From “A Must Do” to a career
Before there were boards or events or job titles, there were Sunday school supply drives. Jordan’s church group would collect toiletries, socks, T-shirts, shoes – all the staples of modern life – and deliver them on one- or two-week-long missions to Indonesia or Jamaica or Brazil, journeying to an orphanage or a humble shack up a steep path in a Sao Paolo favela, where they would meet a family destitute, a pregnant woman with two kids, no job, no stove, no running water.
“It’s jarring, to be honest, but humbling at the same time, because I complain about so much, and they have so little, and they’re completely happy and grateful for everything they have,” Jordan said. “It’s admirable.”

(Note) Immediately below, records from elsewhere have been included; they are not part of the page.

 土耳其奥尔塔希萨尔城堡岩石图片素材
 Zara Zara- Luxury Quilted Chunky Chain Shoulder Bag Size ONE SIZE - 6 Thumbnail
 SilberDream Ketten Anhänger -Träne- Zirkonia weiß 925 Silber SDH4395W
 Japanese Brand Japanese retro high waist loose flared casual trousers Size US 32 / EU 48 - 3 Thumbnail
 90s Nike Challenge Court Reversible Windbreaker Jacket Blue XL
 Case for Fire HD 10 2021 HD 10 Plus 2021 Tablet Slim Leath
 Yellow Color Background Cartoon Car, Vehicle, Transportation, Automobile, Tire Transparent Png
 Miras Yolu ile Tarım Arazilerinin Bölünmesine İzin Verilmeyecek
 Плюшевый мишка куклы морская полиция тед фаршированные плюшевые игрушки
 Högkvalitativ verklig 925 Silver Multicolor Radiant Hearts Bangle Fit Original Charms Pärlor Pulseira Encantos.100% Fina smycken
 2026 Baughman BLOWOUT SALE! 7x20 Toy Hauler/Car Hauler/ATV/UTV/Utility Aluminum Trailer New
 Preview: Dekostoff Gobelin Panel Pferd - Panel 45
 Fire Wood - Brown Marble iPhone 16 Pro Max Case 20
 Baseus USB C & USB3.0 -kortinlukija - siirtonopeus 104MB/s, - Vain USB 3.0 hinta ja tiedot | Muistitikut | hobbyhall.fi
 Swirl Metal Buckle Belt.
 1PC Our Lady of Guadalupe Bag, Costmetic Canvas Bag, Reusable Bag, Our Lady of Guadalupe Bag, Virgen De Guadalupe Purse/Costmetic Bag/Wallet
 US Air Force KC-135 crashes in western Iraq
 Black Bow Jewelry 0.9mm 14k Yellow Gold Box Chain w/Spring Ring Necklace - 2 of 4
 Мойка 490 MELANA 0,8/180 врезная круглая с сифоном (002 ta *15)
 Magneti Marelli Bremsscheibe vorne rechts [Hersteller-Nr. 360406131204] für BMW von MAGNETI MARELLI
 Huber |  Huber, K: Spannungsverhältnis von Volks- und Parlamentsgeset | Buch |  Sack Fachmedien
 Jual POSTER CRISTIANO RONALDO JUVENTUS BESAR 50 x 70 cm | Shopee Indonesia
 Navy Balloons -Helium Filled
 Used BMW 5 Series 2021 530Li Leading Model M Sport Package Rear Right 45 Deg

Her career since graduating from Clark Atlanta University has been a montage of aspirational goodwill: Helping to launch multiple support programs for Washington D.C.’s Kenilworth neighborhood with DC Promise Neighborhood Initiative, collaborating with New York Cares and the American Heart Association while working for Bank of America|Merrill Lynch in New York City, and now, back in the West Coast community where she was born and raised, helping spread Paramount Pictures’ resources across the city.
As is the case with so many who devote their efforts to community service, Jordan acquired this passion from her mother and grandmother, both devoted community workers through their church. “It was a must-do when I was younger, and it just stuck with me after.”